Task prompt:
Lines in the listing under this task are to be copied exactly.

Data provided:

- - -

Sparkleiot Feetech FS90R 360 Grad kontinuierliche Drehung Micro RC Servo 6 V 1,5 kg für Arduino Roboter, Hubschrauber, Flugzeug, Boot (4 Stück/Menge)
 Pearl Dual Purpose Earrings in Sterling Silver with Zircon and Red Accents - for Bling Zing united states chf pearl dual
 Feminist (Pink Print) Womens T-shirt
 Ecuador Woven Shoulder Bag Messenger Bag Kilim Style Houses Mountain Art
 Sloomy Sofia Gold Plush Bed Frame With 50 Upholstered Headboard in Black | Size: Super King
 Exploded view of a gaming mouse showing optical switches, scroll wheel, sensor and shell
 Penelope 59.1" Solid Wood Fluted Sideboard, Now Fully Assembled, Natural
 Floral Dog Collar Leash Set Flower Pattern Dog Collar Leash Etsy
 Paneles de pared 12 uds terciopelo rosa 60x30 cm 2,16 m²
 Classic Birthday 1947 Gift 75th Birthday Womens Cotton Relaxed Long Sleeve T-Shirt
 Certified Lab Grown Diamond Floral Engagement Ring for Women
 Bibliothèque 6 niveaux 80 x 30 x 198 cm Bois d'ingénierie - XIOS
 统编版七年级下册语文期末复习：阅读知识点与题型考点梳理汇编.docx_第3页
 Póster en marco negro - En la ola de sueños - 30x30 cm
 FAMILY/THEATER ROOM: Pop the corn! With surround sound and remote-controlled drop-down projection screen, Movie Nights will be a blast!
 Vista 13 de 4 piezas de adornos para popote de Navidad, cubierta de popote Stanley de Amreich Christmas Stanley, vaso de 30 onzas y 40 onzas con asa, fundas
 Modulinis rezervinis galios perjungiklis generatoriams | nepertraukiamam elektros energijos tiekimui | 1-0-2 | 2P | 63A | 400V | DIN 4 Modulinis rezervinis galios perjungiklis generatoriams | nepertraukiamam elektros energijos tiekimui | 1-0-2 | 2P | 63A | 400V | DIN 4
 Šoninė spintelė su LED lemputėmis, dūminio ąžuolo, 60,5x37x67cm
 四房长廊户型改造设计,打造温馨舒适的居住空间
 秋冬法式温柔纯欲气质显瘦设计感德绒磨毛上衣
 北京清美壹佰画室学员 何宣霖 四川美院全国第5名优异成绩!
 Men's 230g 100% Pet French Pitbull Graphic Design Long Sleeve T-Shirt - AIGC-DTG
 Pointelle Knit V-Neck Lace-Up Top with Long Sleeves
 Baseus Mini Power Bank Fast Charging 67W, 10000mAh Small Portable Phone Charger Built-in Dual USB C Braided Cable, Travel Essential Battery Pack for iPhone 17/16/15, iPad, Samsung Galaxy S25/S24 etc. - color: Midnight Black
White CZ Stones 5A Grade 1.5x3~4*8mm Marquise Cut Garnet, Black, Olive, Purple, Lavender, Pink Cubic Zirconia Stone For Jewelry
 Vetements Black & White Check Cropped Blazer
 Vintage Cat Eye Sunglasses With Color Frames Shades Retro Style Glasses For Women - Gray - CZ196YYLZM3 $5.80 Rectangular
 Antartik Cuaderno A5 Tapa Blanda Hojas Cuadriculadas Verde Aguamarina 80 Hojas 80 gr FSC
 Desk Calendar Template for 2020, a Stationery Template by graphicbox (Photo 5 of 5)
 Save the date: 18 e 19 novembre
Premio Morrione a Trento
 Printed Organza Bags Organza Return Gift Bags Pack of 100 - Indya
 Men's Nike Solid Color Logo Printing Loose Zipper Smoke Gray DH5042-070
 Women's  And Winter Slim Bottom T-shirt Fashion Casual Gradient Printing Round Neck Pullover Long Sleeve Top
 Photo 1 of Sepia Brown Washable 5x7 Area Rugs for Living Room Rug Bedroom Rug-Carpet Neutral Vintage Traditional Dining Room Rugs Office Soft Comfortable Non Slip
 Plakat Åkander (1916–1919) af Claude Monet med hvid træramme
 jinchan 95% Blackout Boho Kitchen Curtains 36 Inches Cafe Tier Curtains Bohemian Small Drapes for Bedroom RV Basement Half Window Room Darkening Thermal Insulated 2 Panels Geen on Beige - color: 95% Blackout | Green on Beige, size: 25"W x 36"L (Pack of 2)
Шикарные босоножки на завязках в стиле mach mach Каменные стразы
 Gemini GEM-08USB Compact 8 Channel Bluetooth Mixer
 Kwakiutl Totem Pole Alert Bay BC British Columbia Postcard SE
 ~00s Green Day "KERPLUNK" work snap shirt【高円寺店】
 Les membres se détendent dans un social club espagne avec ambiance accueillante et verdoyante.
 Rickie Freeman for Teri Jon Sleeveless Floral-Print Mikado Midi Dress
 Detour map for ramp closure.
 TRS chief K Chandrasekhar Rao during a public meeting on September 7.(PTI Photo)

- - -

Written response:
Sparkleiot Feetech FS90R 360 Grad kontinuierliche Drehung Micro RC Servo 6 V 1,5 kg für Arduino Roboter, Hubschrauber, Flugzeug, Boot (4 Stück/Menge)
 Pearl Dual Purpose Earrings in Sterling Silver with Zircon and Red Accents - for Bling Zing united states chf pearl dual
 Feminist (Pink Print) Womens T-shirt
 Ecuador Woven Shoulder Bag Messenger Bag Kilim Style Houses Mountain Art
 Sloomy Sofia Gold Plush Bed Frame With 50 Upholstered Headboard in Black | Size: Super King
 Exploded view of a gaming mouse showing optical switches, scroll wheel, sensor and shell
 Penelope 59.1" Solid Wood Fluted Sideboard, Now Fully Assembled, Natural
 Floral Dog Collar Leash Set Flower Pattern Dog Collar Leash Etsy
 Paneles de pared 12 uds terciopelo rosa 60x30 cm 2,16 m²
 Classic Birthday 1947 Gift 75th Birthday Womens Cotton Relaxed Long Sleeve T-Shirt
 Certified Lab Grown Diamond Floral Engagement Ring for Women
 Bibliothèque 6 niveaux 80 x 30 x 198 cm Bois d'ingénierie - XIOS
 统编版七年级下册语文期末复习：阅读知识点与题型考点梳理汇编.docx_第3页
 Póster en marco negro - En la ola de sueños - 30x30 cm
 FAMILY/THEATER ROOM: Pop the corn! With surround sound and remote-controlled drop-down projection screen, Movie Nights will be a blast!
 Vista 13 de 4 piezas de adornos para popote de Navidad, cubierta de popote Stanley de Amreich Christmas Stanley, vaso de 30 onzas y 40 onzas con asa, fundas
 Modulinis rezervinis galios perjungiklis generatoriams | nepertraukiamam elektros energijos tiekimui | 1-0-2 | 2P | 63A | 400V | DIN 4 Modulinis rezervinis galios perjungiklis generatoriams | nepertraukiamam elektros energijos tiekimui | 1-0-2 | 2P | 63A | 400V | DIN 4
 Šoninė spintelė su LED lemputėmis, dūminio ąžuolo, 60,5x37x67cm
 四房长廊户型改造设计,打造温馨舒适的居住空间
 秋冬法式温柔纯欲气质显瘦设计感德绒磨毛上衣
 北京清美壹佰画室学员 何宣霖 四川美院全国第5名优异成绩!
 Men's 230g 100% Pet French Pitbull Graphic Design Long Sleeve T-Shirt - AIGC-DTG
 Pointelle Knit V-Neck Lace-Up Top with Long Sleeves
 Baseus Mini Power Bank Fast Charging 67W, 10000mAh Small Portable Phone Charger Built-in Dual USB C Braided Cable, Travel Essential Battery Pack for iPhone 17/16/15, iPad, Samsung Galaxy S25/S24 etc. - color: Midnight Black
White CZ Stones 5A Grade 1.5x3~4*8mm Marquise Cut Garnet, Black, Olive, Purple, Lavender, Pink Cubic Zirconia Stone For Jewelry
 Vetements Black & White Check Cropped Blazer
 Vintage Cat Eye Sunglasses With Color Frames Shades Retro Style Glasses For Women - Gray - CZ196YYLZM3 $5.80 Rectangular
 Antartik Cuaderno A5 Tapa Blanda Hojas Cuadriculadas Verde Aguamarina 80 Hojas 80 gr FSC
 Desk Calendar Template for 2020, a Stationery Template by graphicbox (Photo 5 of 5)
 Save the date: 18 e 19 novembre
Premio Morrione a Trento
 Printed Organza Bags Organza Return Gift Bags Pack of 100 - Indya
 Men's Nike Solid Color Logo Printing Loose Zipper Smoke Gray DH5042-070
 Women's  And Winter Slim Bottom T-shirt Fashion Casual Gradient Printing Round Neck Pullover Long Sleeve Top
 Photo 1 of Sepia Brown Washable 5x7 Area Rugs for Living Room Rug Bedroom Rug-Carpet Neutral Vintage Traditional Dining Room Rugs Office Soft Comfortable Non Slip
 Plakat Åkander (1916–1919) af Claude Monet med hvid træramme
 jinchan 95% Blackout Boho Kitchen Curtains 36 Inches Cafe Tier Curtains Bohemian Small Drapes for Bedroom RV Basement Half Window Room Darkening Thermal Insulated 2 Panels Geen on Beige - color: 95% Blackout | Green on Beige, size: 25"W x 36"L (Pack of 2)
Шикарные босоножки на завязках в стиле mach mach Каменные стразы
 Gemini GEM-08USB Compact 8 Channel Bluetooth Mixer
 Kwakiutl Totem Pole Alert Bay BC British Columbia Postcard SE
 ~00s Green Day "KERPLUNK" work snap shirt【高円寺店】
 Les membres se détendent dans un social club espagne avec ambiance accueillante et verdoyante.
 Rickie Freeman for Teri Jon Sleeveless Floral-Print Mikado Midi Dress
 Detour map for ramp closure.
 TRS chief K Chandrasekhar Rao during a public meeting on September 7.(PTI Photo)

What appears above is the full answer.